Сегодня мы уже в состоянии судить, какой выбор сделала история, и констатировать: Советский Союз поддерживал справедливую и реалистическую программу урегулирования. По сути дела, именно она стала стержнем нынешнего миротворческого процесса на Ближнем Востоке. И в этом я вижу подтверждение того, что прежде всего свара сверхдержав мешала переходу обеих сторон в конфликте на реалистические позиции, к конструктивным поискам урегулирования.

Иногда, ставя под сомнение заинтересованность Советского Союза в урегулировании, ссылаются на то, что конфликт создавал для него большие возможности сохранять и расширять свое влияние в арабских странах, а также – в связи с тесным союзом между США и Израилем – в мусульманском мире вообще. В такого рода рассуждениях есть, конечно, доля истины. Однако, безусловно, перевешивала заинтересованность в том, чтобы «разминировать» этот район у своих границ, предотвратить реальную опасность военного столкновения с Соединенными Штатами и, наконец, стабилизировать советское влияние в регионе.

С началом президентства Дж. Картера (январь 1977 г.), казалось, стала складываться более благоприятная обстановка для поисков путей ближневосточного урегулирования. Трудно определенно сказать, почему США решились предпринять совместные с СССР усилия на Ближнем Востоке и в конечном счете согласились на опубликование 1 октября 1977 г. заявления Вэнса – Громыко. Конструктивный отклик госсекретаря Вэнса (вопреки возражениям Бжезинского, он получил «добро» от президента на зондаж прибывшего на сессию ООН Громыко) был неожиданным, и советской делегации пришлось действовать без директив из Москвы.

Надо думать, причин было несколько, но основная, по?видимому, состояла в том, что переход Садата к проамериканской линии не дал эффекта, на который рассчитывал Вашингтон, напротив, Египет оказался изолированным. К приходу в Белый дом Картера уже обнаружились пределы возможностей ближневосточной политики США, становилось ясно, что курс на сепаратные соглашения в общем?то выдохся. Крепло убеждение, что без Советского Союза урегулирование продвинуть не удастся. Оно нашло отражение в докладе «Мир на Ближнем Востоке», подготовленном на рубеже 1976–1977 годов в Бруклинском институте, прежде всего У. Квандтом, занявшим вскоре пост заведующего ближневосточным департаментом в Совете национальной безопасности и советника президента. Как он мне рассказывал, у них были две главные идеи: о важности комплексного подхода к проблеме и о необходимости для США (естественно, не в ущерб себе) взаимодействовать с СССР, поскольку он «объективная реальность» и располагает существенным влиянием в регионе. Новая администрация отнеслась к докладу с большим вниманием.

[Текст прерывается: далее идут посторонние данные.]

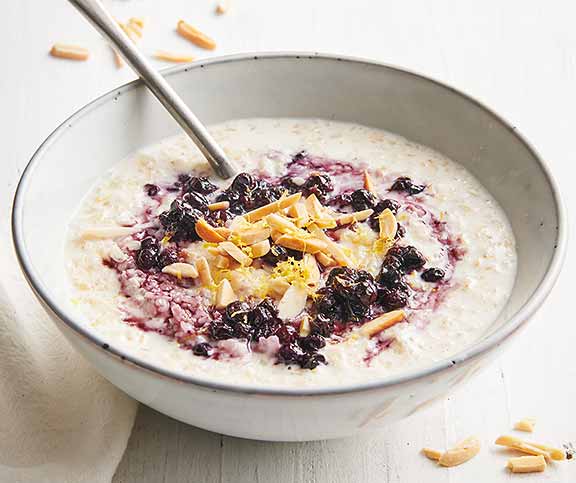 Glutenfreier Reisflocken-Porridge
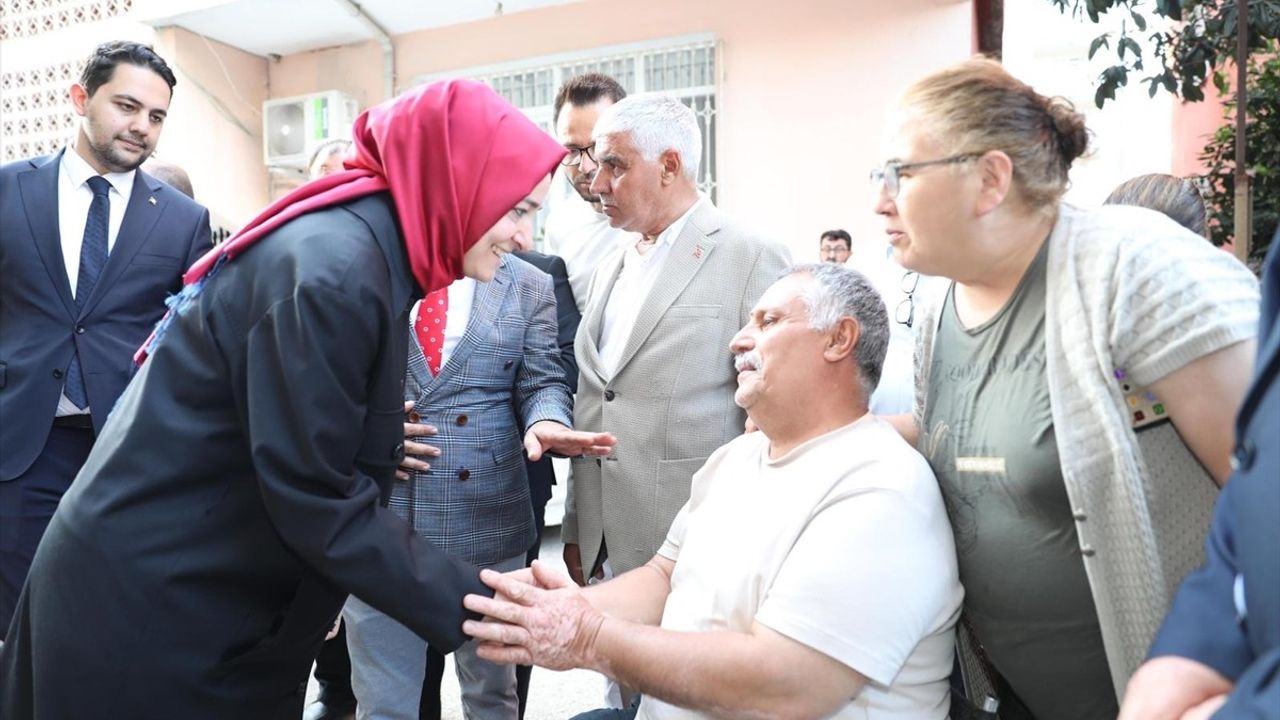 AK Parti Genel Başkan Yardımcısı Kaya, Adana'da Tarım İşçileri ve Engelli Bireylerle Görüştü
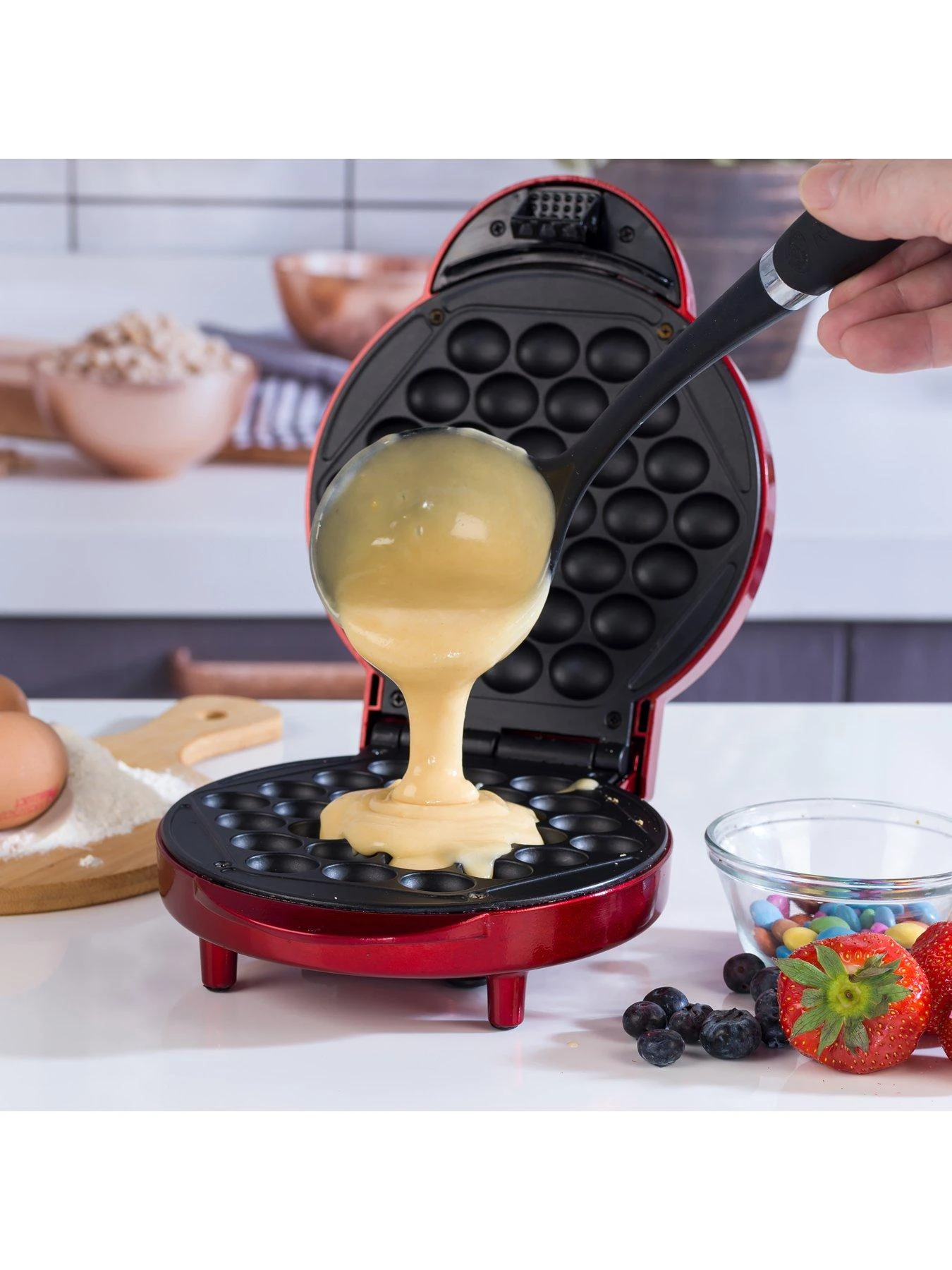 Giles & Posner Bubble Waffle Maker Machine With Serving Cones - Image 3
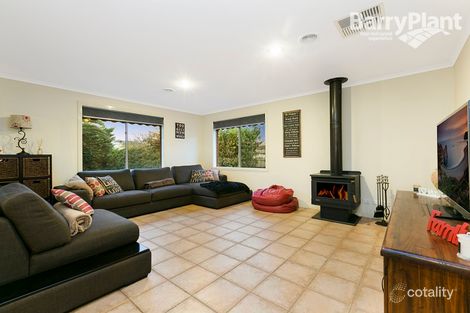 Property photo of 48 Cherryhills Drive Cranbourne VIC 3977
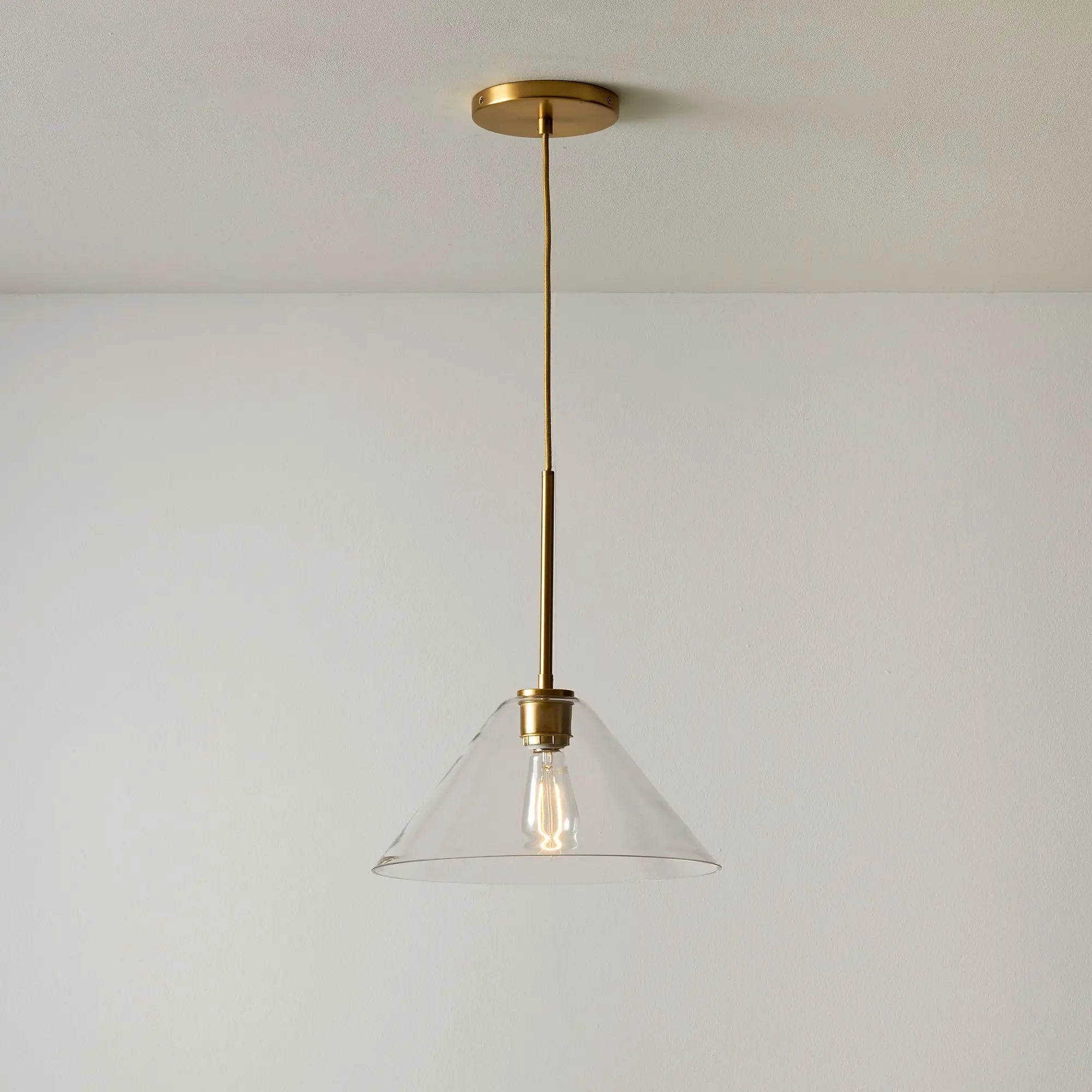 Moderne kegelförmige Glas-Pendelleuchten von Sorelleku3.webp__PID:10056c19-2133-4f89-9e90-70d90b37f12f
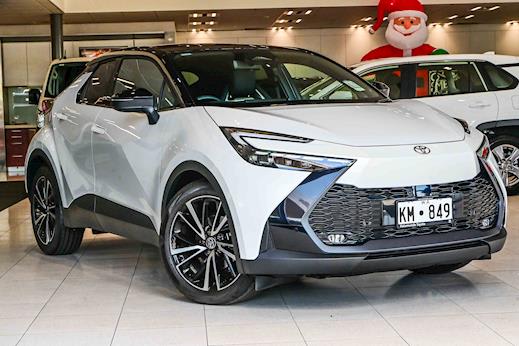 DEMO 2025 Toyota C-HR Koba 2WD Hybrid (Frosted White with Black Roof)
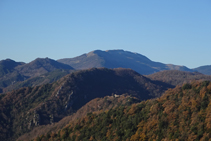 En primer terme veiem el Turó del Castell de Rocabruna. En segon terme els Esqueis i en tercer terme la panoràmica serra Cavallera.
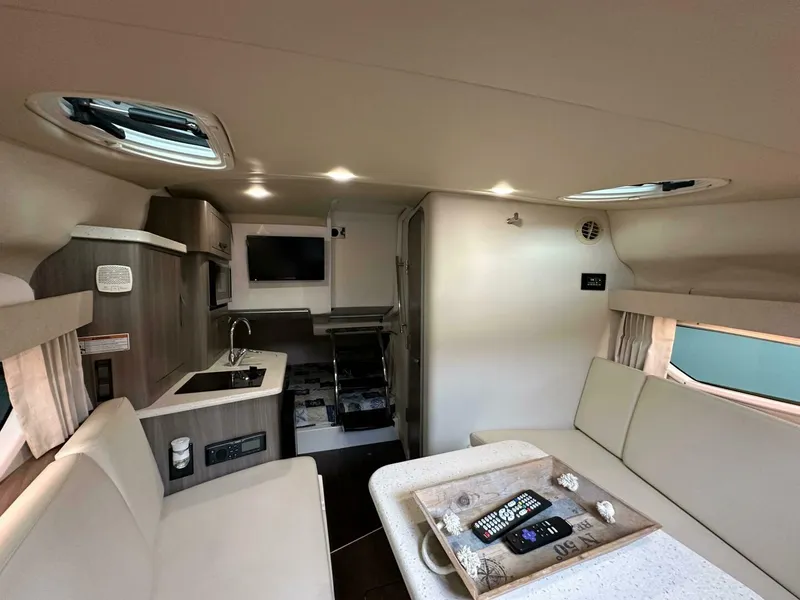 Slide: The Image of Regal 28 Express 2019 - 4999047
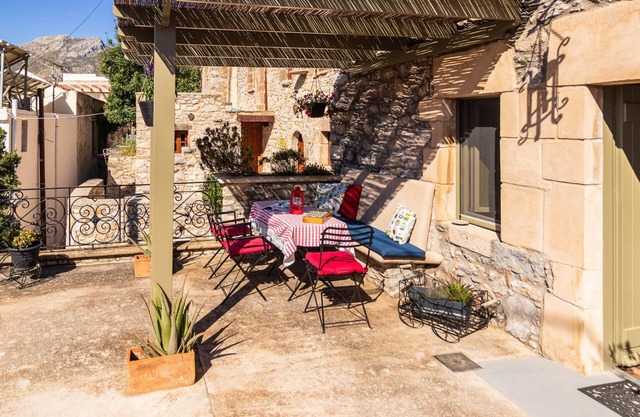 Maison de village dans un style studio entièrement rénové, vue imprenable sur la mer et la montagne.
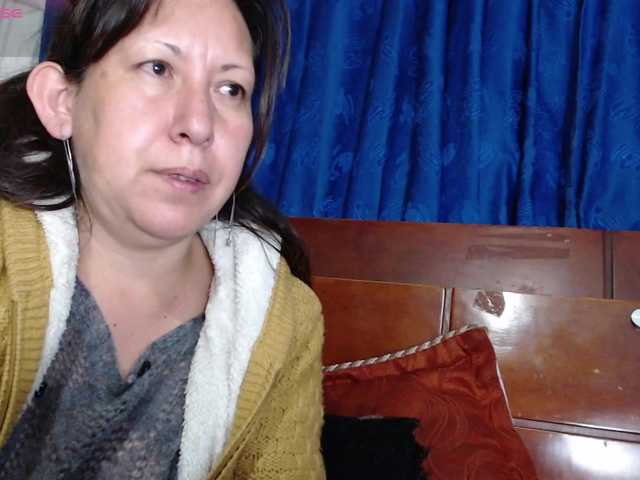 evatoms Live Cam on BongaCams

Сыграло свою роль и то, что Картер, взвешивая перспективы ближневосточной политики США, провел переговоры с рядом арабских лидеров. В апреле и мае 1977 года состоялись его встречи с Садатом, королем Иордании Хусейном, президентом Сирии Асадом, саудовским наследным принцем Фахдом. США добивались, но, очевидно, безуспешно, согласия с идеей прямых переговоров с Израилем без участия Организации освобождения Палестины (ООП).

Еще одно обстоятельство – стремление Картера обозначить свое президентство крупными внешнеполитическими сдвигами и его ориентация на серьезное улучшение отношений с Советским Союзом, на расширение с помощью этого и борьбы за права человека американского влияния в Восточной Европе.

Кстати: многие в США считают, что президентство Картера во внешнеполитическом плане – и особенно применительно к отношениям с СССР – было слабым или даже неудачным, основанным на идеалистических посылках. На мой взгляд, это абсолютно ошибочное представление. Напротив, следует воздать должное Картеру, который, можно сказать, перенес сражение в стан противника, выдвинул на первый план то, что в конечном счете оказалось самым острым и эффективным оружием против СССР: права человека. Рейган же своей политикой грубого агрессивного «навала» вел, повторяю, азартную игру, которая при ином руководстве Советского Союза могла бы привести на порог ядерной катастрофы.